* _Brief descriptive captions_
"""

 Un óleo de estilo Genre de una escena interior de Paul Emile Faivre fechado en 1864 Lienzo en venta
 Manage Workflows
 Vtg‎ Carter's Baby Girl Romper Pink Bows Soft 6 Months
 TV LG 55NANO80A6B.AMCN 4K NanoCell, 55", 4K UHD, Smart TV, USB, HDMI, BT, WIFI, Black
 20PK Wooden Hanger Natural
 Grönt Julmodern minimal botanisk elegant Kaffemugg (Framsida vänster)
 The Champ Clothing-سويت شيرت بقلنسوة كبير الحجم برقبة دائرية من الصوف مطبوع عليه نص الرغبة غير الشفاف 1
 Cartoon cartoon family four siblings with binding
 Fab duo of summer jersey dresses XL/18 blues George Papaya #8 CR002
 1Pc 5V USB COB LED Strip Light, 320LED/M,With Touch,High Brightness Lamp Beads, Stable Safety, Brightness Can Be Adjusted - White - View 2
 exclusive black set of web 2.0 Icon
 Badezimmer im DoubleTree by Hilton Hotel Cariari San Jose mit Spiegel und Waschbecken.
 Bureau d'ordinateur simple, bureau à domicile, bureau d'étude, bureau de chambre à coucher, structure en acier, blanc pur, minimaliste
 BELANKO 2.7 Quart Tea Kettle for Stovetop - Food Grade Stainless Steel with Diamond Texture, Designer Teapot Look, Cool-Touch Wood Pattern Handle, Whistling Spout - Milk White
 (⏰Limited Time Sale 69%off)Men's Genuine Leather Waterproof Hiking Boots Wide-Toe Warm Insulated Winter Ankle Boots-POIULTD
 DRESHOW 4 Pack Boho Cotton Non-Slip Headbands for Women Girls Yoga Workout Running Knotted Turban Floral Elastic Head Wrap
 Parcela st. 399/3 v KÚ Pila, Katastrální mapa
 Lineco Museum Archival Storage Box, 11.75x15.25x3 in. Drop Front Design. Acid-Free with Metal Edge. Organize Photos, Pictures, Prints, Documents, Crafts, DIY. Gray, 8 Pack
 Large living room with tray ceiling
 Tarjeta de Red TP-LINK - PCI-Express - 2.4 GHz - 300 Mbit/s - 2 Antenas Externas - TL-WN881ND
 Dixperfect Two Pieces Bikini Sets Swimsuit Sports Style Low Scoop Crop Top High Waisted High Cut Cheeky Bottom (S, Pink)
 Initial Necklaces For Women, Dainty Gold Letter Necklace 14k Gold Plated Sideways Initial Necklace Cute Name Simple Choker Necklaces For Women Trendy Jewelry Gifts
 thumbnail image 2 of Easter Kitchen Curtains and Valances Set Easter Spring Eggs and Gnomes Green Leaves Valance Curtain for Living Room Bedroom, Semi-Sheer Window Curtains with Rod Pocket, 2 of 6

"""

* _What the task asks_
Take the lines from the one containing "Parcela st. 399/3" through the final line of the entries above, and set them down exactly, with nothing added.

* _Completed task_
 Parcela st. 399/3 v KÚ Pila, Katastrální mapa
 Lineco Museum Archival Storage Box, 11.75x15.25x3 in. Drop Front Design. Acid-Free with Metal Edge. Organize Photos, Pictures, Prints, Documents, Crafts, DIY. Gray, 8 Pack
 Large living room with tray ceiling
 Tarjeta de Red TP-LINK - PCI-Express - 2.4 GHz - 300 Mbit/s - 2 Antenas Externas - TL-WN881ND
 Dixperfect Two Pieces Bikini Sets Swimsuit Sports Style Low Scoop Crop Top High Waisted High Cut Cheeky Bottom (S, Pink)
 Initial Necklaces For Women, Dainty Gold Letter Necklace 14k Gold Plated Sideways Initial Necklace Cute Name Simple Choker Necklaces For Women Trendy Jewelry Gifts
 thumbnail image 2 of Easter Kitchen Curtains and Valances Set Easter Spring Eggs and Gnomes Green Leaves Valance Curtain for Living Room Bedroom, Semi-Sheer Window Curtains with Rod Pocket, 2 of 6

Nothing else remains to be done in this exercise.